I first tried Golda's products at the Trout Lake Farmer's Market last summer, but then forgot about them, as the excitement and demands of a new job, new house, new neighborhood, and a toddler overwhelmed me. But a few weeks back, I spotted some in the cooler at Bosa Foods. I filed that information away for use at a later date. That date came last week. I wanted something summery and local, and settled on fresh tagliatelli with shrimp (from The Daily Catch) with some of Golda's Cilantro Pesto.

I love traditional basil pesto, and I love cilantro. This pesto doesn't taste like either, but it is delicious. It is richer and has more depth than basil pesto, probably a result of the use of pumpkin seeds instead of pine nuts. And those of you who don't like cilantro need not be scared away; I don't taste much classic cilantro flavor in this paste. It is just a lovely vibrant green, rich, but not too rich, and pairs fabulously with shrimp. (I have also used it as a wet rub on roast chicken. Good, but not as good as with the shrimp I think.) We had bocconcini and tomato salad, and Sumac Ridge Gewurzt along with it. Both were great pairings with the pasta dish. It was hard to not eat 2 huge platefuls of the pasta, so it may not be a great idea for a dieter - not because it's unhealthy, but because it's hard to not keep eating and eating. It was a multi-generational hit too: my 2 year old kept asking for more and more and more.

Golda's products come from Vancouver Island, but are available in various stores around southern BC. Well worth seeking out.

Friday, August 19, 2011

The Daily Catch Seafood Company at 1418 Commercial Drive

Apologies for my delinquency over the past year; it's been one heck of a year for me. Mostly I haven't been doing much worth writing about, and when I have, there's been no time to write about it. But I have the intention at least to remedy that. (We'll see how far good intentions take me...)
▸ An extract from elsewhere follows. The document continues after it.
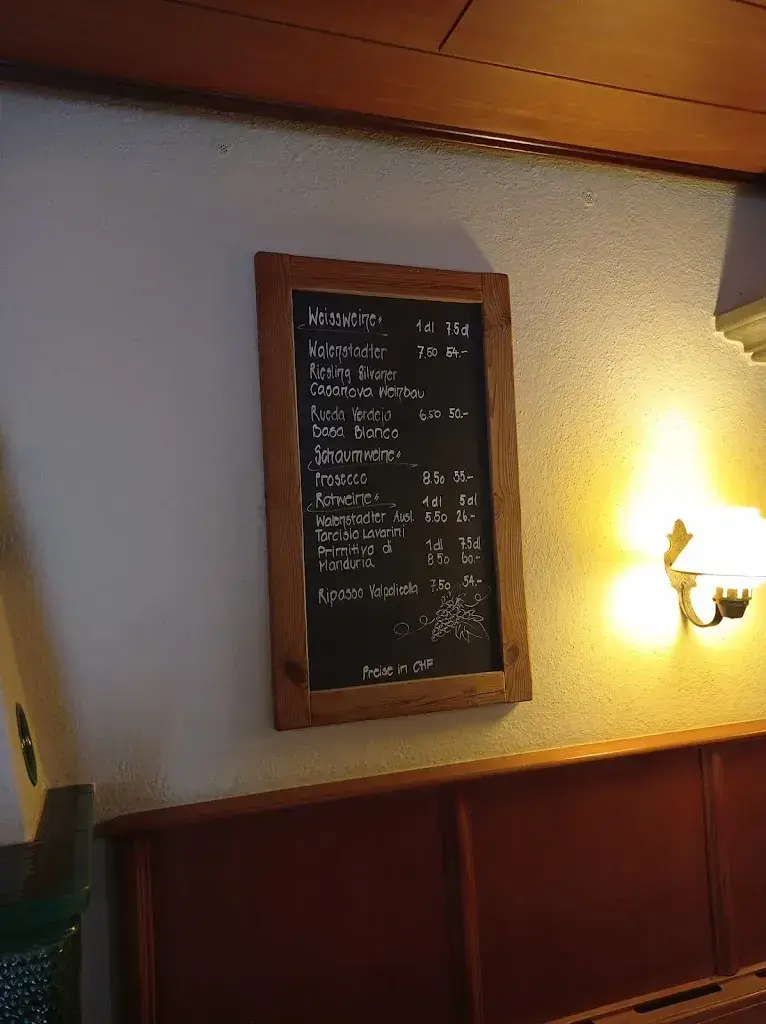Menu_Restaurant Löwen_Walenstadt_image_3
I may try to catch up on some of the restaurants I've been to recently, but for now, I'm sharing what I hope will cease to be one of the best kept secrets in the city - Daily Catch Seafood on Commercial Drive.

They have a wide variety of fresh sustainably caught seafood daily. They are not cheap, and I do sometimes feel guilty for being able to afford such wonderful guilt free fare, but if you can afford it, it's so worth it. It's all so fresh, let me say that again, fresh, and flavorful. It reminds me of the seafood of my childhood. I grew up on the island, and we went shrimping crabbed, fished for cod and salmon, dug for clams, the whole nine yards. Seafood had character, and taste! I had begun to think that the flavors of my youth were wistful creations of my memories, but since I started splurging at this shop, I have learned that no, seafood really can taste like I remember.

Whether your motivation is the flavor, the environment, or some of both (like me), I urge you to take a gander by this store, and take some really great seafood home tonight.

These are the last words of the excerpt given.